Do you think the judge would say “Yes, you are free to go”? No, of course not, he would have to follow the course of justice if he was a good judge. He would have to punish you for your crime, as the law of the country dictates. Or suppose you were the victim of a terrible crime, and the criminal was allowed to go free, without any punishment or retribution. What would you say? What would your family say? There would be an outcry for justice.
This illustration is no different to the judgment we will all face one day when we all will appear before God (Heb 9:27). Because God is holy He has to punish our sins, we all stand guilty before him, condemned in our sins (Rom3:23). We have all offended a holy God and broken his laws (Exodus20), and justice must be done!

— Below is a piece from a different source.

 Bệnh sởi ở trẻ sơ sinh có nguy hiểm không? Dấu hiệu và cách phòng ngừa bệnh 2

There is great news however for the one who sees God as just when he judges; for while God is eternally holy, righteous and just, he is also eternally loving and forgiving (1 John1:9). In love he provided the only possible means of forgiveness in his son (John3:16). Jesus, himself being God, became a man and lived as a man (John1:14). Jesus obeyed and loved God perfectly in the place of sinners who have never loved or obeyed perfectly.

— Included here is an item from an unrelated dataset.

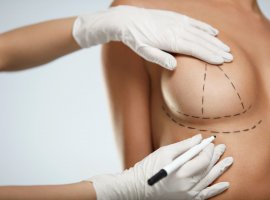 Подтяжка груди – одна из самых востребованных пластических операций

Further, Jesus went to the cross to stand in the place of rebels as our advocate, to pay the punishment of our sins. Jesus paid the price of our sins in order to serve the justice of God and to demonstrate the love of God (Romans3:25). On the cross, being the eternal son of God, Jesus offered up himself as an eternal sacrifice to God for the sins of rebels (2Cor5:21). On the cross God treated Jesus as if he was judging sinners like us (even though he was sinless), that he might treat sinners like they were perfect like Jesus (even though they were sinful). Jesus paid that penalty for us so that we could be accepted by God.
This forgiveness is not automatic like voting when we are 18 however. It comes by recognizing Jesus as king and ruler over your life. In doing this you turn from rebellion (sin) and turn to Jesus (submission). It is this attitude of submission to Jesus as King and following him as Lord, that characterizes the Christian life and gives God pleasure.